# Heaters

<https://leetcode.com/problems/heaters/description/>

> Winter is coming! Your first job during the contest is to design a standard heater with fixed warm radius to warm all the houses.
>
> Now, you are given positions of houses and heaters on a horizontal line, find out minimum radius of heaters so that all houses could be covered by those heaters.
>
> So, your input will be the positions of houses and heaters separately, and your expected output will be the minimum radius standard of heaters.
>
> Note:\
> Numbers of houses and heaters you are given are non-negative and will not exceed 25000.\
> Positions of houses and heaters you are given are non-negative and will not exceed 10^9.\
> As long as a house is in the heaters' warm radius range, it can be warmed.\
> All the heaters follow your radius standard and the warm radius will the same.

## Thoughts

刚开始以为给的是排好序了的，实际上并没有。

原来想单独分析houses之中和heaters之中的距离，然后再比较二者之间的距离，后失败。

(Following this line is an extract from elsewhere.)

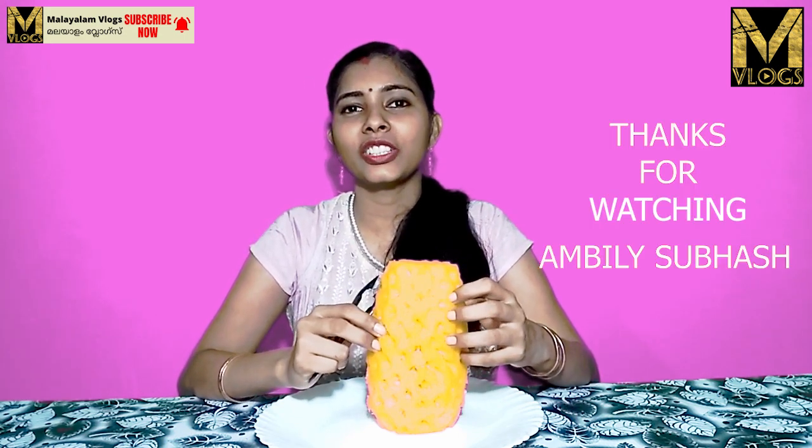Friends, if you like this instrument, please like and share this video. Bye!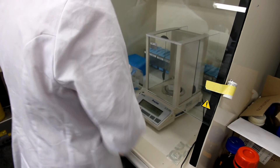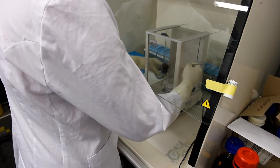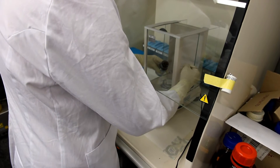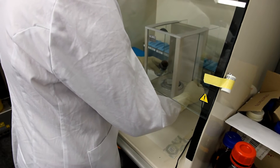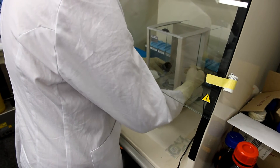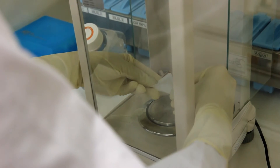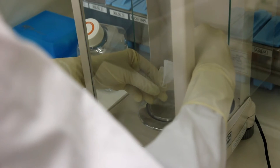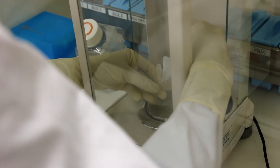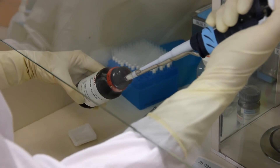Proceed by weighing enough busulfan for the preparation of a stock of 4 mg per ml. Consider the number of mice to be treated and assume that the approximate volume to be injected per mouse will be around 300 microliters in a dose of 40 mg per kilogram. The dose required to cause germ cell depletion must be optimized for the mouse strain and can range from 40 to 60 mg per kilogram. Once weighed, busulfan should be dissolved in equal volume of DMSO first and then water.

实际上对每个house, 与它最近heater之间的距离就是它所需的最短辐射长度。我们要找针对所有houses的最短辐射长度，就取每个house的所需最短辐射长度最大值即可。

那么对给定的house如何找最近的heater? 把heaters排个序然后二分法即可。

## Code

```
class Solution {
    public int findRadius(int[] houses, int[] heaters) {
        Arrays.sort(heaters);
        int max = 0;
        for (int house : houses) {
            int start = 0, end = heaters.length;
            while (start < end) {
                int mid = start + (end - start) / 2;
                if (heaters[mid] < house) {
                    start = mid + 1;
                } else {
                    end = mid;
                }
            }
            int dist = start < heaters.length ? Math.abs(heaters[start] - house) : Integer.MAX_VALUE;
            dist = start > 0 ? Math.min(dist, Math.abs(heaters[start - 1] - house)) : dist;
            max = Math.max(max, dist);
        }

        return max;
    }
}
```

## Analysis

排序的时间复杂读是O(nlgn), 再加上找raius的O(mlgn).